Chancery Dismisses Case, Reasons Group Pleading does not Satisfy Elements of Fraudulent Concealment | Morris James LLP

To plead fraudulent concealment under Delaware law, a plaintiff must plead an affirmative act of concealment by a defendant.  This decision from the Court of Chancery demonstrates that group pleading concealment by all defendants will not satisfy this standard.

Here, the plaintiff asserted a claim for fraudulent concealment arising from its purchase of a healthcare technology company.  Specifically, the plaintiff asserted the fraudulent concealment claim against three defendants: the company’s former CEO, an entity the former CEO used as investment vehicle, and the former CEO’s spouse.  The alleged act of concealment was the former CEO paying hush money and hiring a hitman to conceal his past misdeeds in defrauding a similarly situated investor.   The former CEO, who is in prison for the murder-for-hire, did not respond to the Complaint.  The remaining defendants appeared and moved to dismiss the fraudulent concealment claim, as to them.  

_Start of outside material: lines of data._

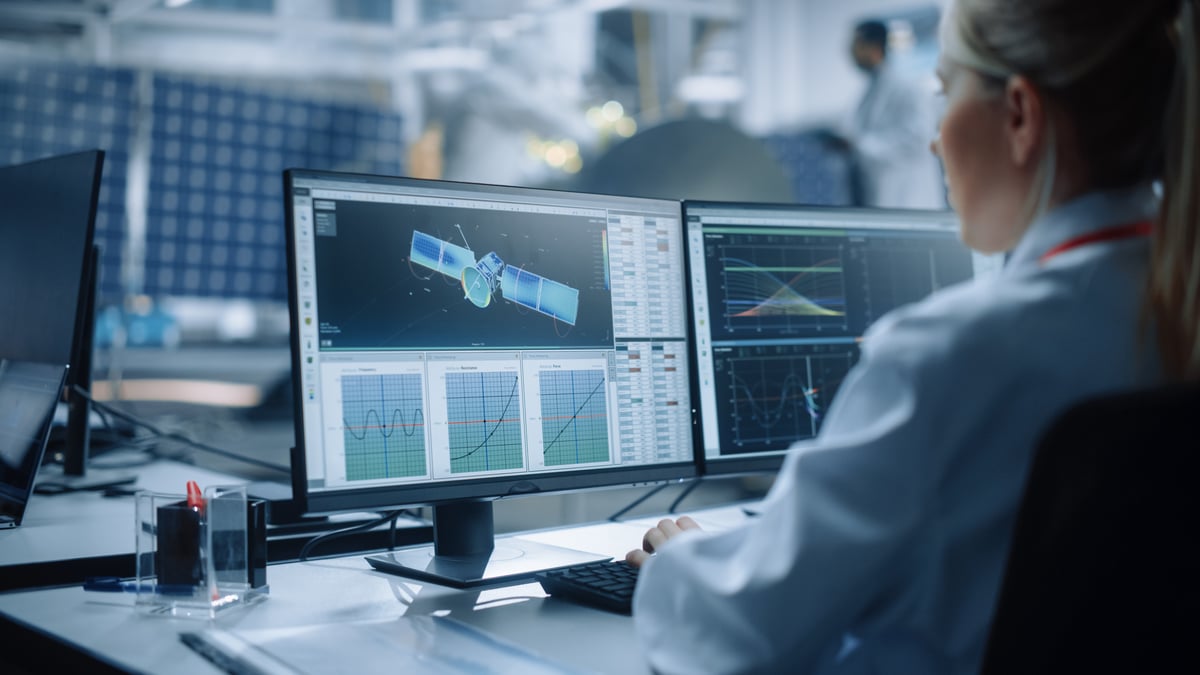Oppenheimer Says SpaceX Could Disrupt a $1.6 Trillion Industry. AT&T and Verizon Investors Should Be Worried.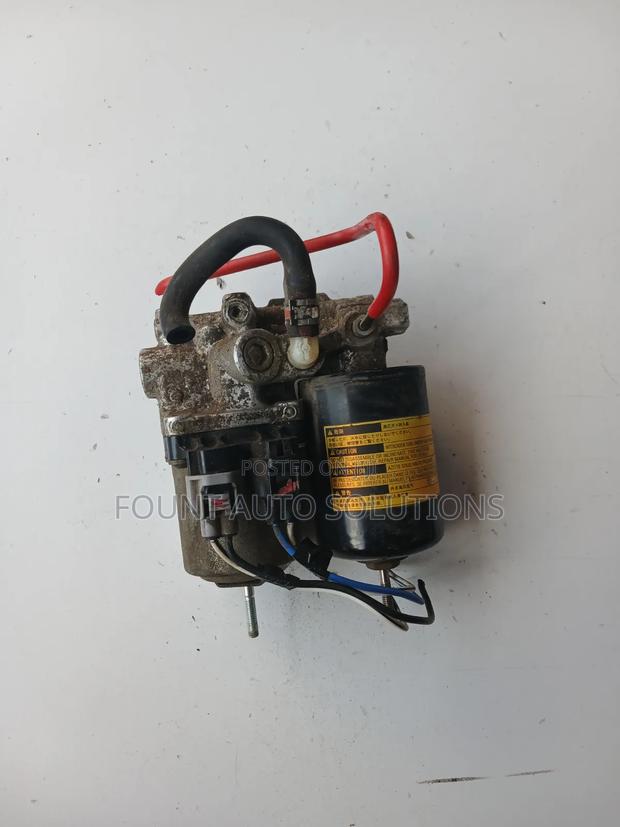 ABS Actuator Unit Toyota Prius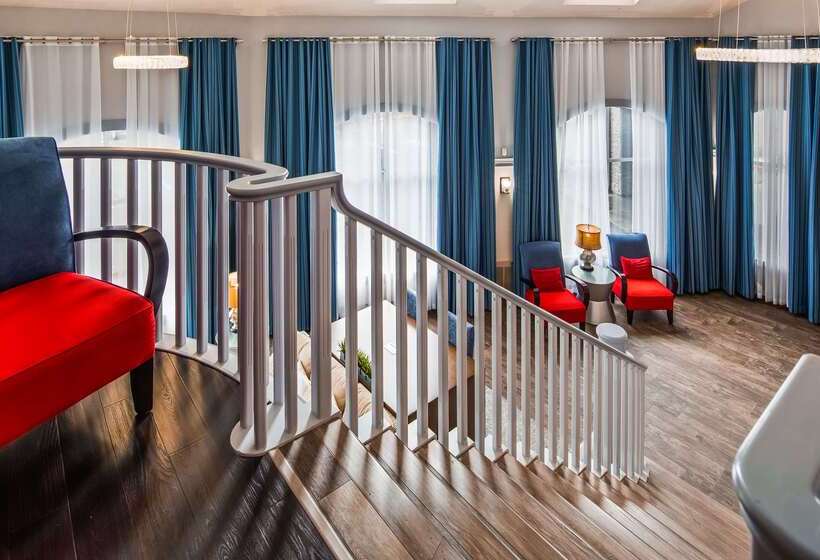 Отель Best Western Plus Regency Inn And Conference Centre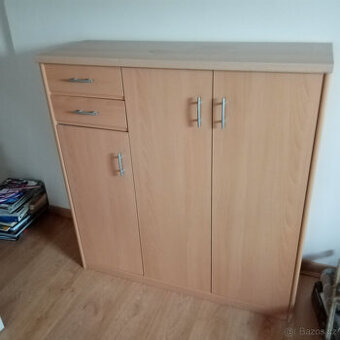 skříňka kombinovaná s dvířky a zásuvkami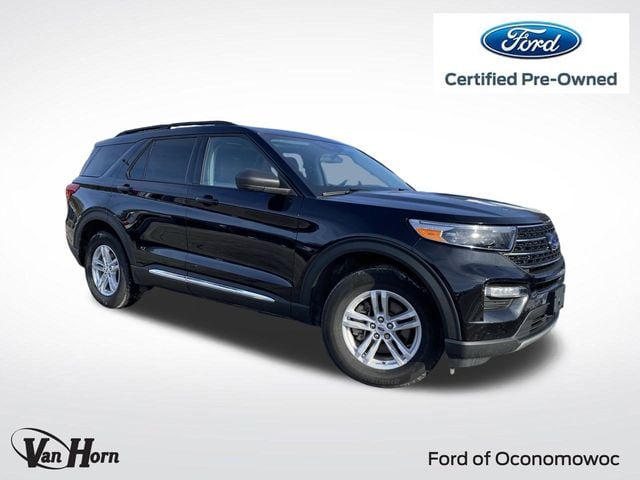 2023 Ford Explorer XLT's photo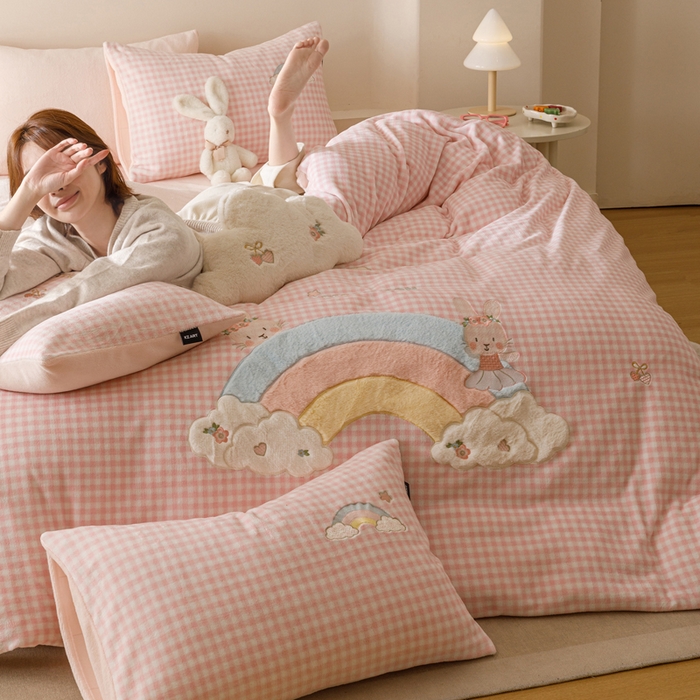 91家纺网 家纺一手货源 找家纺 卡姿家纺 2025秋冬德国奶芙绒萌趣贴布绣— 彩虹兔 彩虹兔-粉格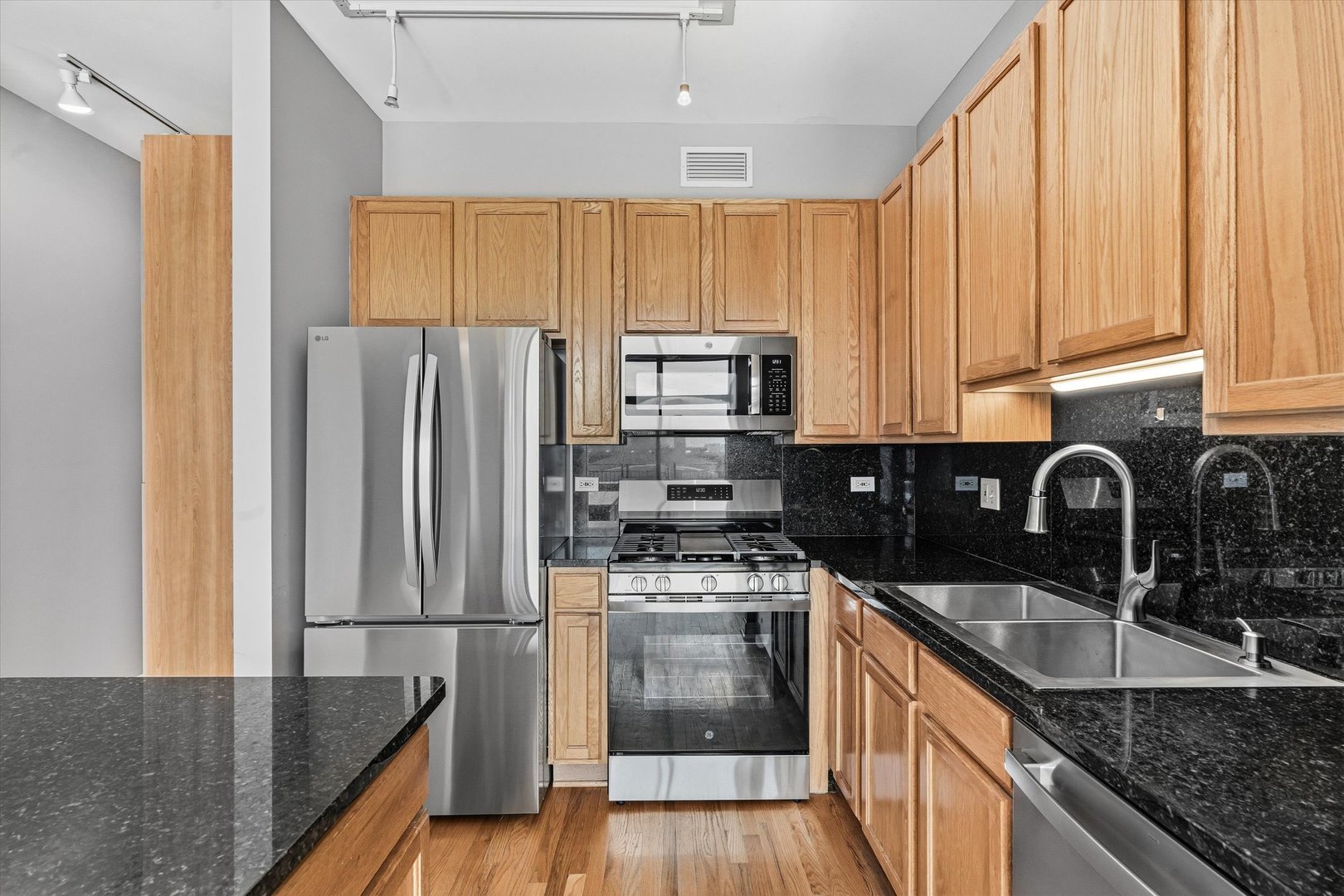 221 E CULLERTON Street 928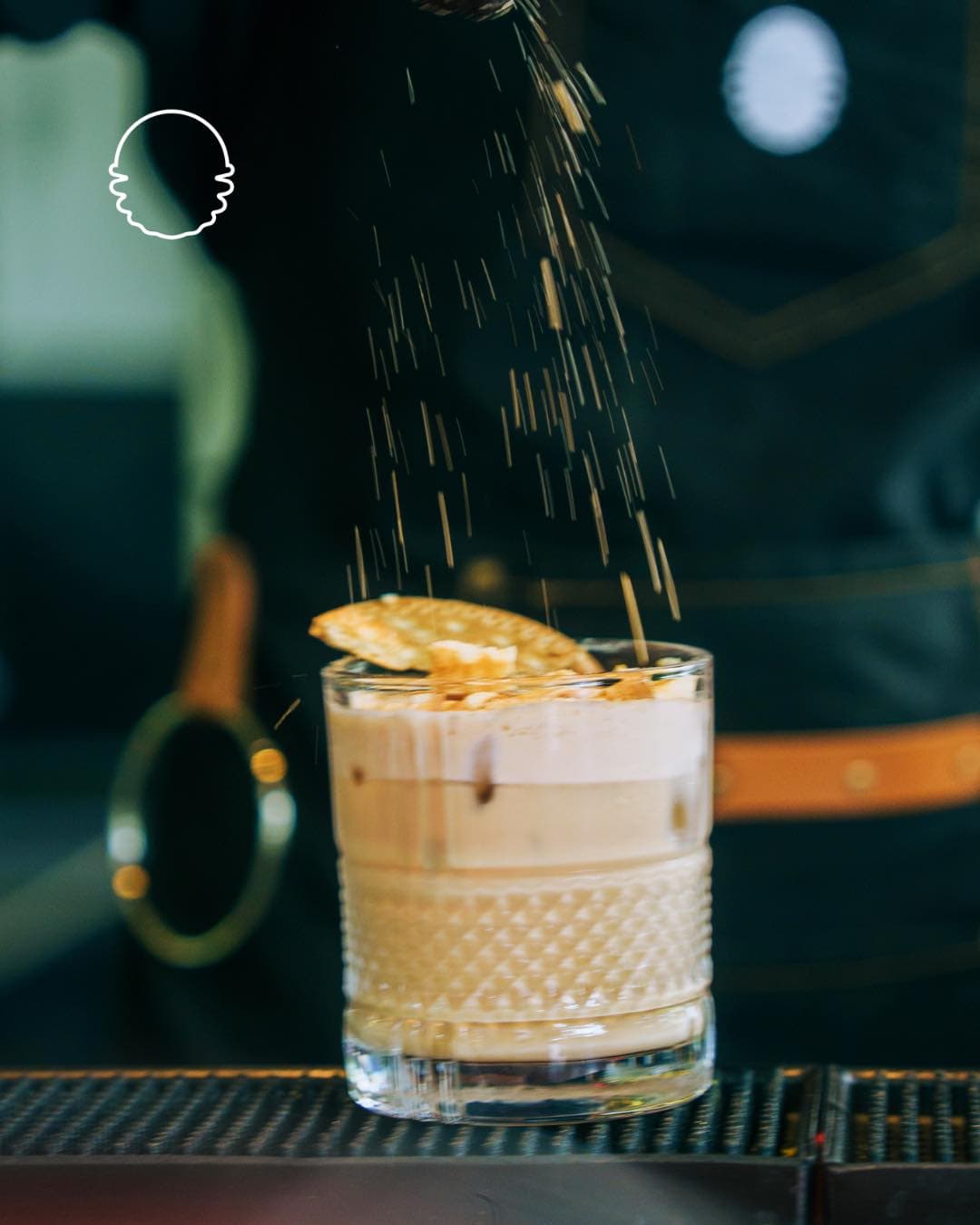 Anak musik merapat! 🎧 'Basecamp rahasia' di lantai 2 Jakbar, DJ-nya lebih bikin candu dari alkoholnya, anjay 2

They argued that the plaintiff failed to allege any specific act of concealment by the spouse or investment vehicle.  Rather, according to the remaining defendants, the concealment allegations all centered on acts taken by the former CEO: paying hush money and hiring a hitman to murder the similarly situated investor who could have revealed the prior misdeeds.  The Court found that plaintiff had engaged in impermissible group pleading, ascribing the alleged acts of concealment to all defendants without delineating the specific acts undertaken by the spouse or investment vehicle.  Accordingly, the Court dismissed the claims against the spouse and investment vehicle.